## ASSIGNMENT
Go through the entries below from the first line and transcribe each one exactly, ending with the line that contains "Daniel Wellington watch straps".

◇ ◇ ◇ ◇

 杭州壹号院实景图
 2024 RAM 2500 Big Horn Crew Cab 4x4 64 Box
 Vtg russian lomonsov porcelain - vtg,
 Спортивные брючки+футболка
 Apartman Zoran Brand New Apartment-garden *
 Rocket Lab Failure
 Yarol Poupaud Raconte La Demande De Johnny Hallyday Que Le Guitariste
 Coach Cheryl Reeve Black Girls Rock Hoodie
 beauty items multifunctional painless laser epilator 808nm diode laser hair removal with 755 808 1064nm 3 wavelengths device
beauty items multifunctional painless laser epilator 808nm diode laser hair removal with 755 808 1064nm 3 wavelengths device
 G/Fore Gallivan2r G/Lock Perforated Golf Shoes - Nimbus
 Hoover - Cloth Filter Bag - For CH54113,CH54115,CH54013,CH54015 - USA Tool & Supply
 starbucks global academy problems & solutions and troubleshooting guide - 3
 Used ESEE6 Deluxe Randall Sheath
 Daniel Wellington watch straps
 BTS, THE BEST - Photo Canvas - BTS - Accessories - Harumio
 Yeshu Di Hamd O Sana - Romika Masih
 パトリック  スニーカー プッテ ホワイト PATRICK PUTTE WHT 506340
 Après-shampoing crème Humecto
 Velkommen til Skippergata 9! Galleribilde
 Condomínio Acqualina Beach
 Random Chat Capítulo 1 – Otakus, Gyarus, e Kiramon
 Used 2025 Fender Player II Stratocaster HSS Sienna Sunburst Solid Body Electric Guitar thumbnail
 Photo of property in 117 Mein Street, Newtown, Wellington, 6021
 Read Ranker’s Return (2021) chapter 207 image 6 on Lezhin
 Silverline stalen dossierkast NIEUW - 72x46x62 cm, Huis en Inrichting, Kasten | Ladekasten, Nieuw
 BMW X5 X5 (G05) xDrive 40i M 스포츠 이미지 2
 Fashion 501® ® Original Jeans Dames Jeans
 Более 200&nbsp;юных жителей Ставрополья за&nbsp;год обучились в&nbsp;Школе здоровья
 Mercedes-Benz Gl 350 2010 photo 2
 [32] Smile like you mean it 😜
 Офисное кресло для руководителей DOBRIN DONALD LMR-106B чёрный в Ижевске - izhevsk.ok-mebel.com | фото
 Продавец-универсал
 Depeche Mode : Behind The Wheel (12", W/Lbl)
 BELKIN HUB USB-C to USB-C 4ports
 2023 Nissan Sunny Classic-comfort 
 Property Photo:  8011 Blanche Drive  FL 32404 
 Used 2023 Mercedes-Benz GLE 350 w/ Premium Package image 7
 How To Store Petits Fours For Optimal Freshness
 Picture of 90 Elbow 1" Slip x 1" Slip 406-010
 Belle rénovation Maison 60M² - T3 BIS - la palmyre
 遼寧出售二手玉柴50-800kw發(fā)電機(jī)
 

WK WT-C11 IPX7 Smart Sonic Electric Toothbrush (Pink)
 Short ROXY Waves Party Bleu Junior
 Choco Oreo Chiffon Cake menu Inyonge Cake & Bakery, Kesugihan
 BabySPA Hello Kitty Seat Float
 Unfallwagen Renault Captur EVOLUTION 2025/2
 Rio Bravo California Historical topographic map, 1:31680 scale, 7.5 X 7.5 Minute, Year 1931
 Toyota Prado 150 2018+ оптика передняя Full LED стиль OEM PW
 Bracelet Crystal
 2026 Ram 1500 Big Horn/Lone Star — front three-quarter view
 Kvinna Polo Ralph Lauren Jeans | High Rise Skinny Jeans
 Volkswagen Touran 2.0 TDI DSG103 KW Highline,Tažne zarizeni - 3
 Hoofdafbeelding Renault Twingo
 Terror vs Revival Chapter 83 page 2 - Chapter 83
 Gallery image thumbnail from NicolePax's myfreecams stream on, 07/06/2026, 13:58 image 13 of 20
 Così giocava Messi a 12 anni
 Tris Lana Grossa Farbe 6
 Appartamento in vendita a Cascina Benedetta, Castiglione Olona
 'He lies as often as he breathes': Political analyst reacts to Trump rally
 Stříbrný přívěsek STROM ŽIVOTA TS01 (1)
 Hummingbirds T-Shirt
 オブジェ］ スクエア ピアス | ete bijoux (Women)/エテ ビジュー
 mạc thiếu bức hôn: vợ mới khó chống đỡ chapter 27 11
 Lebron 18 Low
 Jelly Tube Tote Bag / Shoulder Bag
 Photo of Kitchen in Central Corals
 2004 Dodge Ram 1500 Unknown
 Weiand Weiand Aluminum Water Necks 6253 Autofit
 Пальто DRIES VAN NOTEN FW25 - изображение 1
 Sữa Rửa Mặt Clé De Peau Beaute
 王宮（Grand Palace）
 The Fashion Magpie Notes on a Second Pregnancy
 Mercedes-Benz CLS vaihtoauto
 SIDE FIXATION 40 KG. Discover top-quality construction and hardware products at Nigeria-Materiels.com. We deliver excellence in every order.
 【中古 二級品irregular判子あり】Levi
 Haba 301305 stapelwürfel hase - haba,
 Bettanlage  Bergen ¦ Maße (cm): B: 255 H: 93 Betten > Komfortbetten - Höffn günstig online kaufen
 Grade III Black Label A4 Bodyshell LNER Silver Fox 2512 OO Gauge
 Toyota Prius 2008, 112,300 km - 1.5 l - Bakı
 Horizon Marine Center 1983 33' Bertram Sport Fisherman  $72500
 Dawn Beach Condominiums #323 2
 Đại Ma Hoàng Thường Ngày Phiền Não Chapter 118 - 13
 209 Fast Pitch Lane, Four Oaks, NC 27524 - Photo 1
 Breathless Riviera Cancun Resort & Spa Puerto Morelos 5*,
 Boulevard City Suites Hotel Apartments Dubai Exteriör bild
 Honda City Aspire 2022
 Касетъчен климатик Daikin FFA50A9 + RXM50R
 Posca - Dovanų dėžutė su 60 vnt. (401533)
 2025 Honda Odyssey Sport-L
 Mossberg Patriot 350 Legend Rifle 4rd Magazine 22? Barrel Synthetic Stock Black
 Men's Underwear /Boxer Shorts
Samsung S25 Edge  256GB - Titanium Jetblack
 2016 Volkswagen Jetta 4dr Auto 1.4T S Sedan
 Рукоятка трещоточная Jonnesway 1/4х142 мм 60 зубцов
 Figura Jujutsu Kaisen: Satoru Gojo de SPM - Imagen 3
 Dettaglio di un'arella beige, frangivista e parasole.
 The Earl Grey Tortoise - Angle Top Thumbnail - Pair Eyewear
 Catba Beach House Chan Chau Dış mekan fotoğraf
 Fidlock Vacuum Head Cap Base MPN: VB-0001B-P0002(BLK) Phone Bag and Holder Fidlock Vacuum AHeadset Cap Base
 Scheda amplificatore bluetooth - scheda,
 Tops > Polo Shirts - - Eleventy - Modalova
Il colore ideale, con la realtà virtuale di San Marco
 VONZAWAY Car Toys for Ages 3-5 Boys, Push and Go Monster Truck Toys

◇ ◇ ◇ ◇

## TASK ANSWER
 杭州壹号院实景图
 2024 RAM 2500 Big Horn Crew Cab 4x4 64 Box
 Vtg russian lomonsov porcelain - vtg,
 Спортивные брючки+футболка
 Apartman Zoran Brand New Apartment-garden *
 Rocket Lab Failure
 Yarol Poupaud Raconte La Demande De Johnny Hallyday Que Le Guitariste
 Coach Cheryl Reeve Black Girls Rock Hoodie
 beauty items multifunctional painless laser epilator 808nm diode laser hair removal with 755 808 1064nm 3 wavelengths device
beauty items multifunctional painless laser epilator 808nm diode laser hair removal with 755 808 1064nm 3 wavelengths device
 G/Fore Gallivan2r G/Lock Perforated Golf Shoes - Nimbus
 Hoover - Cloth Filter Bag - For CH54113,CH54115,CH54013,CH54015 - USA Tool & Supply
 starbucks global academy problems & solutions and troubleshooting guide - 3
 Used ESEE6 Deluxe Randall Sheath
 Daniel Wellington watch straps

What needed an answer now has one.